Compute shop visibility and intent metrics in SQL
Company: Meta
Role: Data Scientist
Category: Data Manipulation (SQL/Python)
Difficulty: Medium
Interview Round: Technical Screen
Schema (PostgreSQL). Tables:
users(user_id)
shops(shop_id, shop_name, merchant_type)
posts(post_id, shop_id, is_shoppable BOOLEAN, created_at TIMESTAMP)
impressions(user_id, post_id, impression_time TIMESTAMP)
clicks(user_id, post_id, click_time TIMESTAMP, click_type TEXT) -- e.g., 'merchant','like','comment'
Sample data (subset, UTC):
users
+---------+
| user_id |
+---------+
| 1 |
| 2 |
| 3 |
| 4 |
+---------+
shops
+---------+-----------+---------------+
| shop_id | shop_name | merchant_type |
+---------+-----------+---------------+
| 100 | Alpha | brand |
| 101 | Beta | marketplace |
+---------+-----------+---------------+
posts
+---------+---------+--------------+---------------------+
| post_id | shop_id | is_shoppable | created_at |
+---------+---------+--------------+---------------------+
| 10 | 100 | 1 | 2025-08-30 12:00:00 |
| 11 | 100 | 0 | 2025-08-31 09:00:00 |
| 12 | 101 | 1 | 2025-09-01 07:30:00 |
+---------+---------+--------------+---------------------+
impressions
+---------+---------+---------------------+
| user_id | post_id | impression_time |
+---------+---------+---------------------+
| 1 | 10 | 2025-09-01 10:00:00 |
| 1 | 10 | 2025-09-01 10:05:00 |
| 2 | 12 | 2025-09-01 12:00:00 |
| 3 | 10 | 2025-09-01 09:00:00 |
| 3 | 11 | 2025-09-01 11:00:00 |
| 4 | 12 | 2025-09-01 08:30:00 |
+---------+---------+---------------------+
clicks
+---------+---------+---------------------+-------------+
| user_id | post_id | click_time | click_type |
+---------+---------+---------------------+-------------+
| 1 | 10 | 2025-09-01 10:06:00 | merchant |
| 2 | 12 | 2025-09-01 12:20:00 | like |
| 3 | 11 | 2025-09-01 11:05:00 | merchant |
| 4 | 12 | 2025-09-01 08:45:00 | merchant |
+---------+---------+---------------------+-------------+
Tasks (write SQL; use window functions and CASE WHEN; be explicit about deduping and time zones; treat "today" as 2025-09-01):
A) For each shop and calendar date, compute ShopVisibilityScore = 100 * (distinct users who saw ≥1 impression of a shoppable post from that shop that date) / (distinct users with any impression that date).

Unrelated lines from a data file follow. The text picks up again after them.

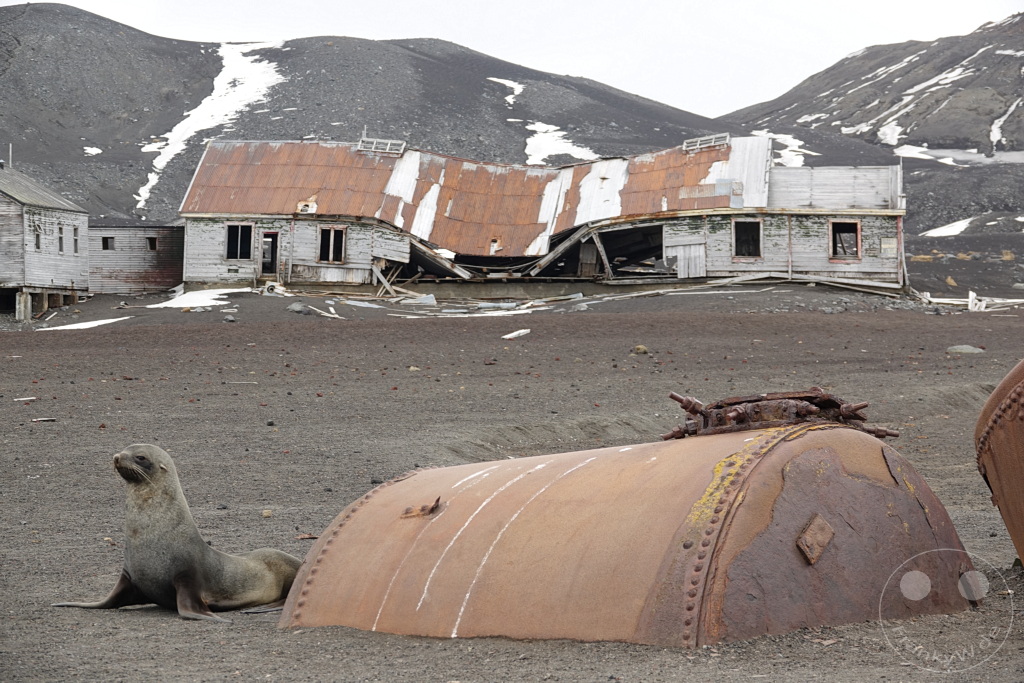 Antarktis - Deception Island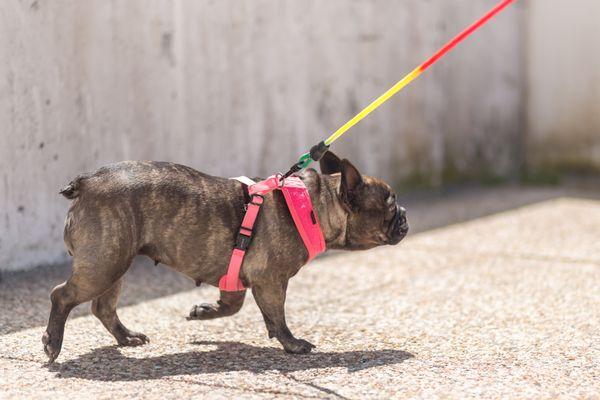 Summer strut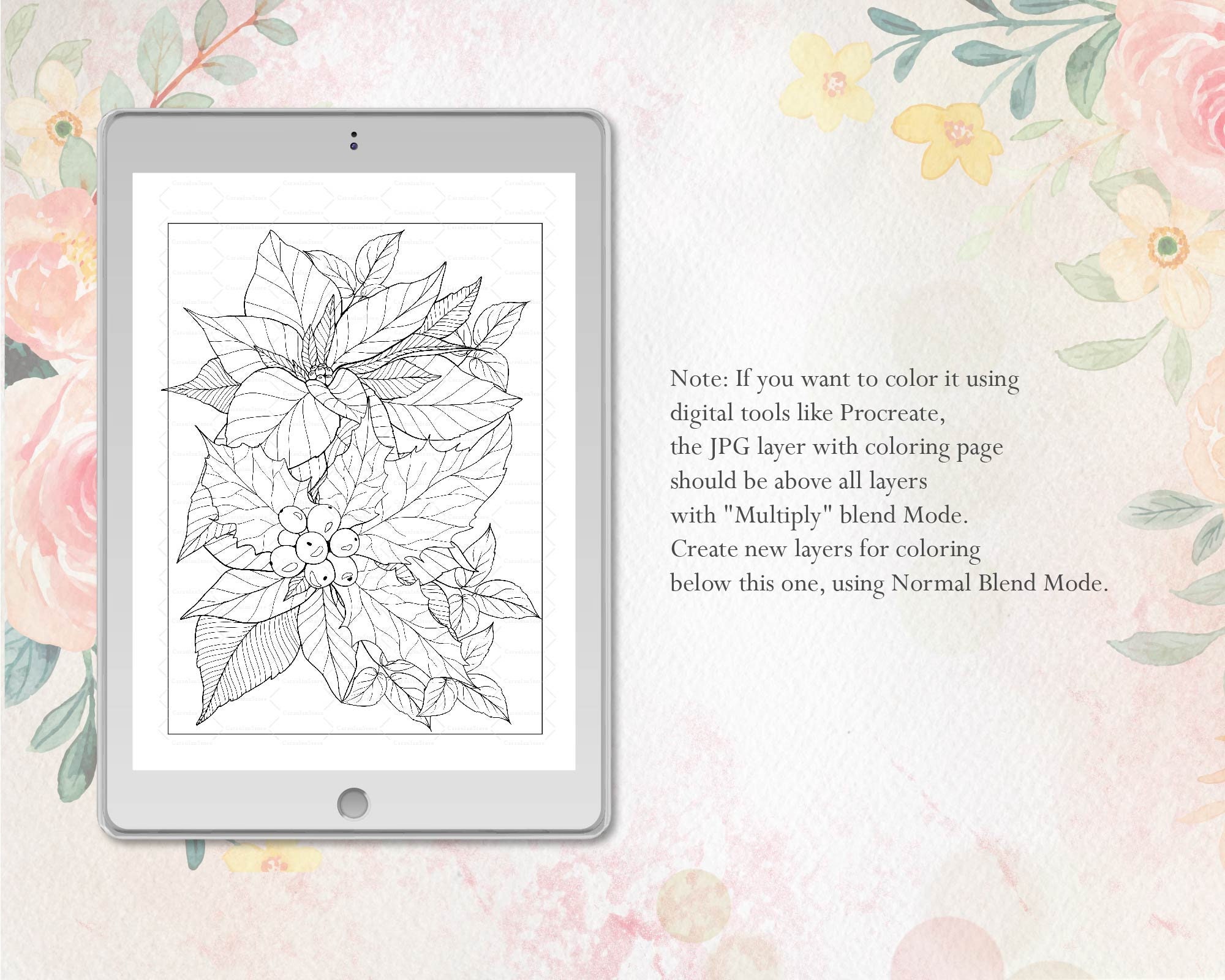 Christmas Coloring Pages, Poinsettia Coloring, Adult Coloring Pages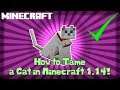 How to Tame a Cat in Minecraft! 1.14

Ensure multiple impressions of the same shop per user per date are deduped. Also report that shop’s CTR that date = merchant clicks on that shop’s shoppable posts / impressions of those posts. Return shop_id, dt, visibility_score, ctr, impressions, unique_viewers.
B) Compute a 7-day rolling visibility_score and CTR per shop ending on 2025-09-01 (inclusive), using windows that avoid leakage across shops, and show the absolute and percentage change vs. the prior 7-day window.
C) Define an implementable PurchaseIntentRate using only the provided tables. Example: among users who had a first shoppable impression for a given shop on a date, the fraction who clicked a 'merchant' link within 60 minutes of that first impression. Write SQL to compute this per shop per date, carefully handling multiple posts, multiple clicks, and users who clicked on non-shoppable posts (should they count or be excluded? justify and implement).
Quick Answer: This question evaluates SQL-based data manipulation and analytical competencies in the Data Manipulation (SQL/Python) domain, focusing on deduplication, time-zone-aware timestamp handling, window functions, aggregation, and construction of visibility, CTR, and intent metrics for shops.